Ni se contentaron los fenicios con derramarse por la Península como enjambres industriales, ni con explorar el Océano discurriendo por la costa occidental de España, sino que se atrevieron a avanzar en sus excursiones hasta las regiones septentrionales de Europa, llegando hasta las islas Cassiteridas, según todas las probabilidades las Sorlingas de Inglaterra, de donde traían abundancia de estaño.

Esencialmente comerciantes los fenicios, y por lo tanto más amantes de la paz que de la guerra, supónese que se presentaron ante los indígenas menos como conquistadores que como traficantes, y que para captarse el asentimiento y buena voluntad de aquellas gentes, a fin de que no se opusieran a que asentasen en su suelo, debieron emplear menos fuerza que política y astucia, cuidando de mostrarse inofensivos y dispuestos a entablar con ellos o amistades o alianzas. No consta por lo menos que los indígenas opusieran resistencia abierta a la admisión de estos primeros huéspedes, que sin duda acertaron a deslumbrarlos con los productos y artefactos, dijes y bagatelas muchos de ellos, que de su país les trajeron y les daban a cambio y trueque de otras más positivas riquezas, no conociendo entonces aquellos hombres rústicos y groseros el valor respectivo de aquellos y de estas. Tal fue en posteriores tiempos la conducta de estos mismos españoles, ya civilizados, con los habitantes del Nuevo Mundo.

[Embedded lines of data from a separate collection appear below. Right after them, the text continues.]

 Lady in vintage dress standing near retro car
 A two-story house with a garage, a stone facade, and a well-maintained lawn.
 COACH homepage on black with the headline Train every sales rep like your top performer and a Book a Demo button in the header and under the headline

Fueron pues los fenicios los primeros civilizadores de España, cuyo nombre lograron imponer a todo el país, sembrando en ella las ideas del comercio, de la navegación y de las artes, con cuyo trato y ejemplo comenzaron a modificar su rudeza nativa los antiguos iberos, y a adquirir una civilización, aunque muy imperfecta todavía{5}.

Los fenicios habían civilizado también la Grecia y establecido en ella colonias. Habían comunicado a los griegos sus artes y sus letras, y hécholos comerciantes y navegadores como ellos. Entre los griegos insulares distinguíanse los de Rodas por sus largas expediciones marítimas: y mientras la Grecia europea colonizaba la Calabria y la Sicilia, los griegos asiáticos comenzaron a venir a España como competidores ya de sus antiguos maestros los fenicios. Vinieron, pues, los rodios, como unos novecientos años antes de la era cristiana, y fundaron en la costa de Cataluña la ciudad de Rodas, hoy Rosas, entre Gerona y los Pirineos. Indica Estrabón haber poblado también los Rodios las islas Gimnesias o Baleares, y así parece inferirse del nombre de Ophiusa, dado a la isla de Ibiza, que es también el nombre antiguo de Rodas.

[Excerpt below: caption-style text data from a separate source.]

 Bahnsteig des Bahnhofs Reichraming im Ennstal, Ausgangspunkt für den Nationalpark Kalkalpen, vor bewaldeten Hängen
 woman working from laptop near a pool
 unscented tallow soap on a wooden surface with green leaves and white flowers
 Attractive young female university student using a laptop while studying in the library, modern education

Poco tiempo después los focenses, navegando por los mismos mares, arribaron a las costas del país de los edetanos (en el reino de Valencia). Y según Heródoto, un bajel de Samos, en el octavo siglo antes de J. C., fue el primero que empujado por el viento pasó el estrecho y llegó a Tartesso, donde los samios, contentos por el buen despacho que lograron dar a sus mercancías, consagraron la décima parte de su producto a la diosa Juno. Háblase con esta ocasión del viejo Argantonio, que dicen reinaba en aquella sazón sobre los tartesios, y los colmó de riquezas, aunque no logró determinarlos a que se estableciesen en el país: primer vestigio histórico que encontramos sobre el gobierno de los indígenas en aquellas épocas remotas. La noticia de este resultado estimuló a otros griegos asiáticos a venir a tentar fortuna a nuestras costas, y contribuyó al gran movimiento de navegación y al tráfico lucrativo que se entabló entre aquellos insulares y las costas ibero-hispanas.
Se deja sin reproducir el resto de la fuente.